PROBLEM TO SOLVE. In the records below, find the line with "Image 1 of Lámpara" and the line with "Used 2024 Chrysler". Print both exactly, along with every line between them, and no other line.

DATASET ENTRIES.
---*---
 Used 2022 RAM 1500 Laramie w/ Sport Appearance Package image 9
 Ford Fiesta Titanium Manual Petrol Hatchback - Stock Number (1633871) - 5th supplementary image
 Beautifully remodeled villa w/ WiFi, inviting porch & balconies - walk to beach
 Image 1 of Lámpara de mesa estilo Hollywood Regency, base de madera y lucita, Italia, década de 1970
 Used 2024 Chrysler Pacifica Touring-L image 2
---*---
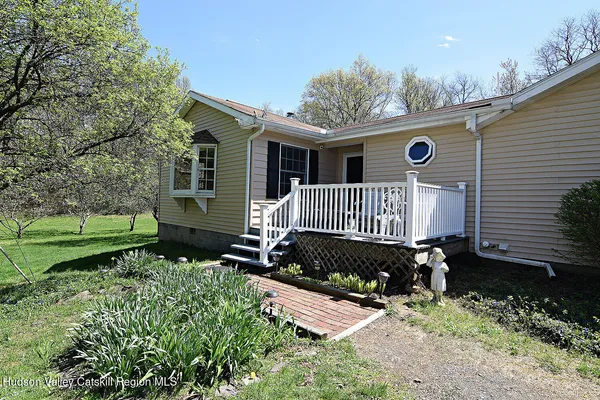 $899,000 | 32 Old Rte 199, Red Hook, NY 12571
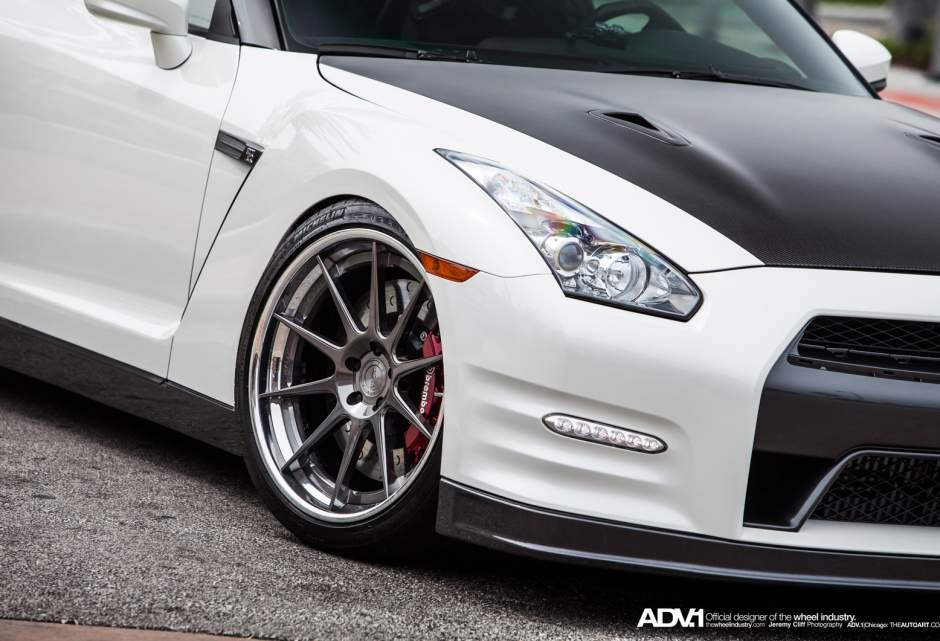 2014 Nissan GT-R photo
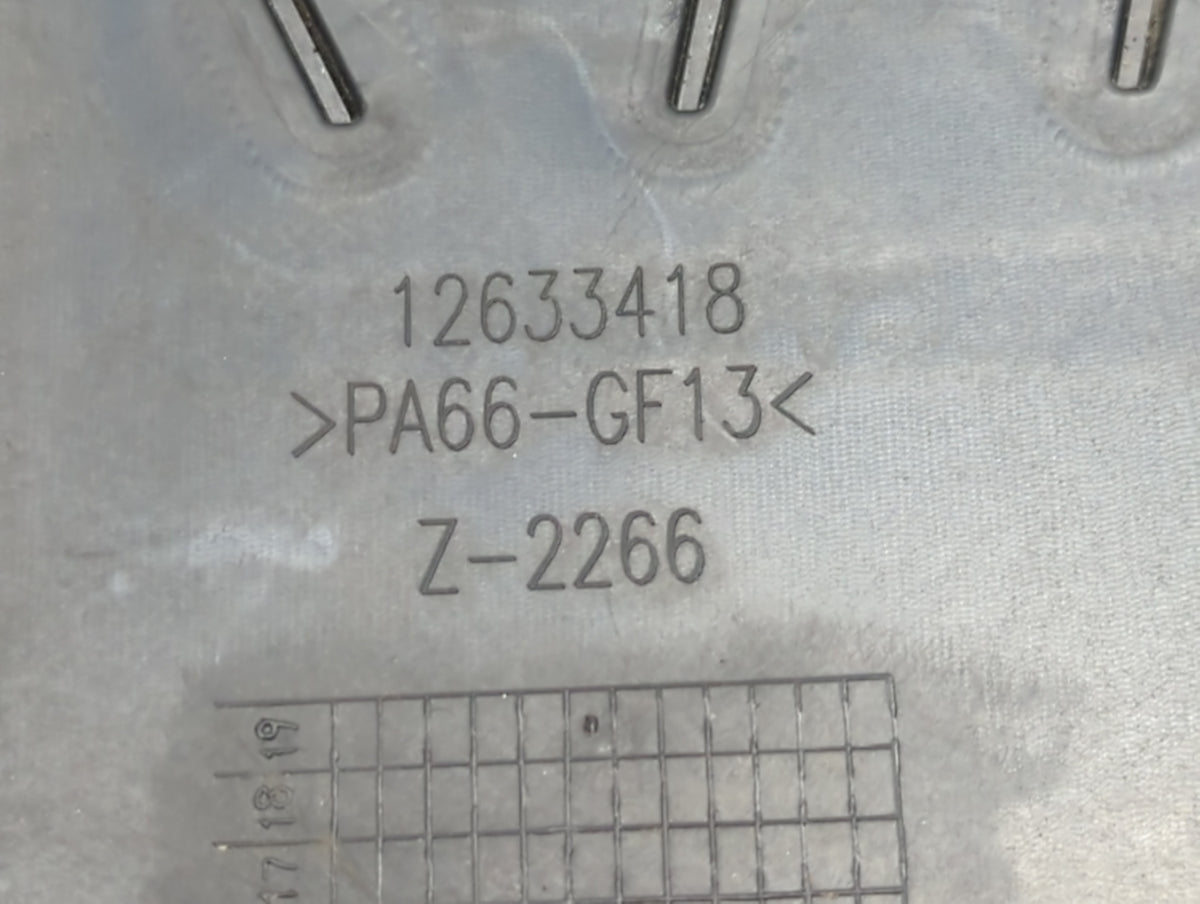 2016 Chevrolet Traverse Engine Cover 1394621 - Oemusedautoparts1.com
---*---
RESULT BELOW.
 Image 1 of Lámpara de mesa estilo Hollywood Regency, base de madera y lucita, Italia, década de 1970
 Used 2024 Chrysler Pacifica Touring-L image 2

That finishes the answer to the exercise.